Сижу в Шереметьеве, в дипломатическом зале, жду, когда мой Китаец появится, а ко мне подходит симпатичный дядька и спрашивает, нужны ли мне хорошие книжки и верю ли я в Бога. В тот день я помог Китайцу дотащить барахло и книги, и с ним всё закончилось. А с дядькой мы подружились. Оказалось, он католический священник. Я стал встречаться с ним, на такси возил его в Сергиев Посад в церковь Параскевы Пятницы. Он дал мне потрясающую вещь — проповеди митрополита Антония Блума. Андрей Блум был пострижен с именем Антоний в честь Антония Печерского — основателя Киево-Печерского монастыря. Та же «ИМКА-Пресс» издала. Стали мне от него звонить разные люди, говорили: «Надо прийти в Шереметьево, встретить такого-то». Одну, две, три книжки привозили мне. Сначала я перепечатывал то, что очень понравилось. Потом — то, что не понимал. Нужно же было научиться понимать! То, что мне не нравилось, не печатал.
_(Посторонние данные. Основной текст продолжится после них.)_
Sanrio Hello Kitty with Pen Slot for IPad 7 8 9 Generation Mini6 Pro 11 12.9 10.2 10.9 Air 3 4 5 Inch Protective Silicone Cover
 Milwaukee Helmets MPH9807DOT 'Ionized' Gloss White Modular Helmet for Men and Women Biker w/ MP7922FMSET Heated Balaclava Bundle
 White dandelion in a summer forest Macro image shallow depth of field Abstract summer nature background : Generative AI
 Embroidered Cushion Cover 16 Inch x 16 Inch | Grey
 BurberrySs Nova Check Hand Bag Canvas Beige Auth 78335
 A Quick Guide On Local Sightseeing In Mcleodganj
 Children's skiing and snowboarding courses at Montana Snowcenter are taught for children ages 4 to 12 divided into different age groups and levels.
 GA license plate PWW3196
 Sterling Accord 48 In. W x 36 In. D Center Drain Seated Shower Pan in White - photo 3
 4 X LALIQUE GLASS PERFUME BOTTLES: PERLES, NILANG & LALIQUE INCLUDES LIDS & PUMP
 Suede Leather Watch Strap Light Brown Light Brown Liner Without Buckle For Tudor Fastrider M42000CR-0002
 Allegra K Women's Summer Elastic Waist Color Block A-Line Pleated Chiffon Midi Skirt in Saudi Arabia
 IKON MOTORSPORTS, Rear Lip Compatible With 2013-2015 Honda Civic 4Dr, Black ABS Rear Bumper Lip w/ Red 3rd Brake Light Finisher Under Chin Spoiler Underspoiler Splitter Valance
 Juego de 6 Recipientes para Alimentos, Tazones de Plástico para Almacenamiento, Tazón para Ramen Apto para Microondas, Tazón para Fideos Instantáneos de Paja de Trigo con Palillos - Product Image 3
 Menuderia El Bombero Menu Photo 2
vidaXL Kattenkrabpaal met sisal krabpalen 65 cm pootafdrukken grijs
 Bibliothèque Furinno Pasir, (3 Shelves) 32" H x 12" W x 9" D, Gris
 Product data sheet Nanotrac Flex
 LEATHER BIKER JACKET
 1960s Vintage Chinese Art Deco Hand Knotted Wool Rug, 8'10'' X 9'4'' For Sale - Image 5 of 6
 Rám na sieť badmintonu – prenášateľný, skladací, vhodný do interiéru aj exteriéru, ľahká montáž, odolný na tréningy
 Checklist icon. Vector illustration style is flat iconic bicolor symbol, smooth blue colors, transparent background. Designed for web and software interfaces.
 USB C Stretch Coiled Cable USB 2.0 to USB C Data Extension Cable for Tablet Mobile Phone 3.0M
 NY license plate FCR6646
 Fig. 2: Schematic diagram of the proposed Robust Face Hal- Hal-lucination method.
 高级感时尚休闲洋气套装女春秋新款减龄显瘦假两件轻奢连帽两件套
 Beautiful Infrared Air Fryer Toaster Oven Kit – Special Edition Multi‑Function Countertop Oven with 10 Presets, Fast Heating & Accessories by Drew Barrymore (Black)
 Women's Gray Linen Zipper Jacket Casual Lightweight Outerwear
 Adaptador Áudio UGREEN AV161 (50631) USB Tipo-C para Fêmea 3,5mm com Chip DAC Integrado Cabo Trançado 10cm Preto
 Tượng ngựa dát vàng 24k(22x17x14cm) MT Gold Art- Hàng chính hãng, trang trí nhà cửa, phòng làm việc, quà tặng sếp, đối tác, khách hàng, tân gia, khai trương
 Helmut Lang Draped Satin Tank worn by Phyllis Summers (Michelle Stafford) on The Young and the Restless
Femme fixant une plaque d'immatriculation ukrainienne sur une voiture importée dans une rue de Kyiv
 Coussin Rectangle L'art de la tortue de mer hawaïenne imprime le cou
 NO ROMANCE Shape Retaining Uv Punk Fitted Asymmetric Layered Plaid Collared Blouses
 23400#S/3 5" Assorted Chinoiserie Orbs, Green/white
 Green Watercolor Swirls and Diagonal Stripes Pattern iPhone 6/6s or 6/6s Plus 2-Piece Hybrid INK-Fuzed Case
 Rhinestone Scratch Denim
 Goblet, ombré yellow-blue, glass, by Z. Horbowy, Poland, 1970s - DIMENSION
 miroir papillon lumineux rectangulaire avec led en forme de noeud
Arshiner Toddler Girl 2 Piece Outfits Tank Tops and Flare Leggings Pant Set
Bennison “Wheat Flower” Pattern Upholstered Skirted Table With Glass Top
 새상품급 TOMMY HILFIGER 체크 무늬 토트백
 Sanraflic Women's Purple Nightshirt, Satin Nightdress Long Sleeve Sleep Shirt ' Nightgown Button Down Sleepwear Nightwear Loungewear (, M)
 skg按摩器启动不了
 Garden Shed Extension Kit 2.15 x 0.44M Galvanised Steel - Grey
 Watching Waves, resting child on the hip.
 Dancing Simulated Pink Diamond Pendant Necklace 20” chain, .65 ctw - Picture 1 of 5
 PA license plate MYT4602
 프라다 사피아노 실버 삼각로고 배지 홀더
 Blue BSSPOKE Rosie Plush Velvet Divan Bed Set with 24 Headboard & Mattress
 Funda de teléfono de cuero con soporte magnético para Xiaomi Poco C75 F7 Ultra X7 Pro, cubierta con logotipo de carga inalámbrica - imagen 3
Кое-что (Гумилёва, Мандельштама…) можно было найти в букинистическом. Потом мы догадались: а почему бы запрещённые статьи и книги не воровать в библиотеке имени Ленина и в университетской библиотеке?! Например, нашумевшую статью (скорее, философский трактат) Белинкова об Олеше. Я как раз прочёл недавно «Зависть» Олеши. Статью эту (как и другие подобные вещи) выдавали в Ленинке лишь по специальному разрешению — для научной работы. Мы стали «стряпать» эти «специальные» разрешения. У меня валялась дома старая отцовская печать Министерства обороны, у Ильки, тоже отцовская, — университетская. Нам приходилось кокетничать с девушками, чтобы не заподозрили подлога, заговаривать зубы охранникам. А однажды работа Белинкова оказалась в университете на выставке. Мы из-под стекла её и забрали. Куча народу потом прочитала её. Хранилась она у Элки.
Сейчас понимаю — подлецы были! Останься она в библиотеке, прочитало бы её куда больше людей!
Елена тоже читала всё, что читал Евгений. После гитарных уроков и вечеров он задерживал её в классе и давал книги и рукописи. С ней обсуждал запрещённую литературу. Главная тема разговоров была тогда: кто что прочёл, кто какие новые песни или стихи услышал. Часто спорили. Например, про Галича:
— Ты что, не видишь, он начал писать в разрешённое время! Согласен, песни сделаны залихватски, но его частушечный стиль… липа всё это, подделки! Да он руку набил на этих подделках!
— Неправда! — возражала Елена. — Из души идёт. Он пережил много. Ты придираешься к нему. Песни, которые пишешь ты, не похожи на его, вот ты и не хочешь допустить его стиль как равноправный. А каждый имеет право на свой стиль. Ты — романтик, он — реалист.
— Высоцкий тоже реалист. Но у него нет мата, нет дешёвой грубости. Кроме того, он честный. Он не скрывает, что никогда не воевал, никогда не сидел. Его песни воспринимаются совсем по-другому, чем песни Галича, им веришь. Да, Галич страшно талантливый, нашёл себя и как драматург, и в песне. Только почему он не опровергает слухи о себе, мол, и через войну прошёл, и через лагеря? На самом-то деле ничего такого с ним не происходило, он живёт вполне нормальной, спокойной жизнью. Да, его стукнули по башке несколько раз, да, ему объяснили, что он еврей… Но кому этого не объясняли?
— А я уверена, он прошёл войну! — возражала Елена. — И через лагеря прошёл! Неужели ты не чувствуешь достоверности?
Спорили и о Вознесенском.
Елена была влюблена в его стихи. Евгению они казались претенциозными.